In college, I had obsessed even harder. In my so-called book review of Blood Canticle in the college paper, I prepared extra hard to write the most flattering, most know-it-all sounding book review of the last Chronicle to come out of Miss Rice’s most fabulous and most popular series, The Vampire Chronicles. I’d be the happiest fanboy if I could just get that ‘review’ published. You know how college writers are: so eager to dazzle the studentry with their gorgeous prose, with their world-changing take on the latest popular novel as if their sad, would-be ignored, cookie-cutter reviews will ever be read by anyone other than the editors and their sad selves. Me, I didn’t care. I just wanted to show off and hoped that Anne Rice herself will one day will read my review of her book.
As preparation for this, I’ve read every single Amazon review there is on Blood Canticle and they were among the most vicious criticisms I’ve ever read. The Anne Rice fans were vicious just because they weren’t happy about the final Lestat novel. I took this personally and may even have made an Amazon account just to get back at the retards who called Anne a hack. Fortunately for them, Amazon does not allow reviews from wannabes because they have a way of detecting. Joke lang. To be an Amazon reviewer as it turns out, you need to have purchased at least one item. Then October came and I was finally able to read the book in all its tarnished glory.
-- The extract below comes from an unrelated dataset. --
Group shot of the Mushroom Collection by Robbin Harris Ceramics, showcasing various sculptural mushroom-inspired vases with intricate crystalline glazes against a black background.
In a way, I was more relieved because it was certainly easier for me to malign, hate, criticize something I didn’t like. And I know Anne Rice so it would be very easy. Though she may never come across my beautiful writing as I wish she would, I still have the same hopes for vampire lit’s most enduring, most flamboyant, and sexiest vamp tramp Lestat. I thought Lestat should have had a more proper exit, a more bombastic one, any kind of exit befitting the true prince of vampire literature. If you’ve ever cared for Anne’s works, you’ll have no trouble denouncing Blood Canticle as an instrument of destruction which in its very slim form, took all but 400 pages to ruin whatever fantasies, hopes and dreams (of movie adaptations, musicals, etc) you may have had turned into, uh, ashes.
I have been looking for some thing to devoted ungodly fanaticism to but I just can’t find one as enduring as Anne Rice. She’s about to turn 69 this October 14 and to be symbolic about it, I am rereading Prism of the Night: A Biography of Anne Rice by Katherine Ramsland. I have a month to finish it and even though it’s Anne Rice-novel long, I’d still gladly indulge and set aside Blackwood Farm for the meantime. I have yet to find a thing to fanatically follow so I really hope she doesn’t die soon, and that she starts revamping The Vampire Chronicles soon. A fanboy can hope.
Dear Anne, if you’re reading this, happy 69th!